What sort of person are you? Belbin breaks down the roles in the workplace thus: firstly, regarding doing/acting.
Are you a shaper? A person with lots of energy and action, the one who always challenges the rest of the team to move forward? You’d be an asset but occasionally you can be a tad insensitive.
Or maybe you’re an Implementer? You’ll be a well-organised, predictable person who takes basic ideas and makes them work in practice. The downside? You can be slow.
Perhaps, like me, you’re a Completer/Finisher – someone who reliably sees things through to the end, ironing out the wrinkles and ensuring everything works well. The downside to this is that you’ll have a tendency not to trust others and worry too much.
Secondly, in the area of thinking/problem-solving, which category do you see yourself slotting into? A Plant solves difficult problems with original and creative ideas though s/he can be a poor communicator and may ignore the detail.
A Monitor sees the big picture. S/he thinks carefully and accurately about things but may lack the energy to inspire others.
A Specialist has expert knowledge they can apply to key areas but a tendency to ignore other areas outside their expertise that might be just as important to developing the project.
Finally, Belbin deals with People and Feelings. Team workers care for individuals and the team. They’re good listeners always striving to resolve social problems. However they often find making difficult decisions problematic.
The Co-ordinator is a respected leader, helping the rest of the team to focus on the task. They can be seen as excessively controlling, though.
And then there’s the Resource/Investigator. A great networker, who explores new ideas energetically. The downside is that this person can be optimistic and lose energy after the first initial bout of enthusiasm.
Teams in the workplace work best when there is a balance of roles and when team members both know what their roles are and stick to them. To achieve the best balance there should be:
One Co-Ordinator or Shaper (not both) for leader
A Plant to Stimulate Ideas
A Monitor/evaluator to maintain honesty and clarity
One or more Implementer, Team Worker, Resource investigator or Completer/finisher to make things happen.

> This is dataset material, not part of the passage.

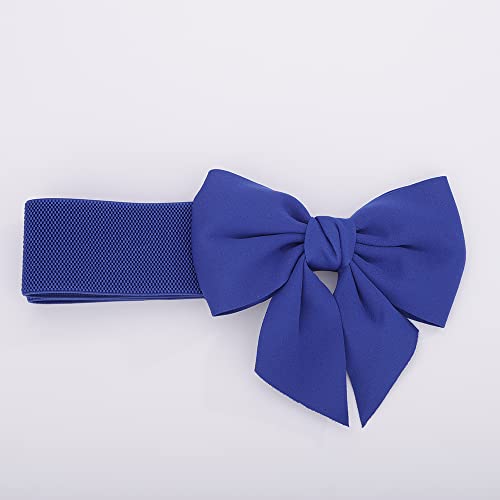 Wiwpar Women's Fashionable Elastic Bowknot Wide Waist Belt Lady Stretch Cinch Belts for Dress Vintage Stretchy Wide Bow Knot Waistband Cinch Belts (Blue)4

Okay, so far so good. Seven people, each fixed in their role and comfortable with it. What a brilliant team! But what happens when you aren’t part of a team and you work at home, alone, at a computer screen, attempting to write your novel, short story or screenplay?
If it’s not working for you right now, maybe it’s time to figure out your own role and invite a few, new imaginary friends on board to even out the lumps and make progress towards your goal of publication.
Like I said. I’m a Completer/Finisher. So much so that I’ll flog away at an idea and write the story even if a little bit of me tells me it’s a rubbish one. I could do with a Plant on board to stop me getting bogged down in the detail and add a bit of sparkle to my writing. And I definitely need a Shaper for those Monday mornings where bed seems infinitely preferable to getting up and hammering out a new idea.
What about you? What gets in the way of your writing? Are you a Specialist who spends too much time on research only to find that your energy for actually writing the story has all fizzled out? An evaluator, constantly editing and re-editing the same 500 words and never moving forward? A predictable Implementer, who needs a shot in the arm to spice up their story now and then or, like a Plant, full of great ideas but with a limited amount of staying power.
You have to write your story by yourself and there’s no one in the office to bolster up your sagging bits. But maybe if you’re aware of the characteristics you lack you can say a little prayer to your Muse and ask for a few more members to join your team. Only if they complement your strengths though.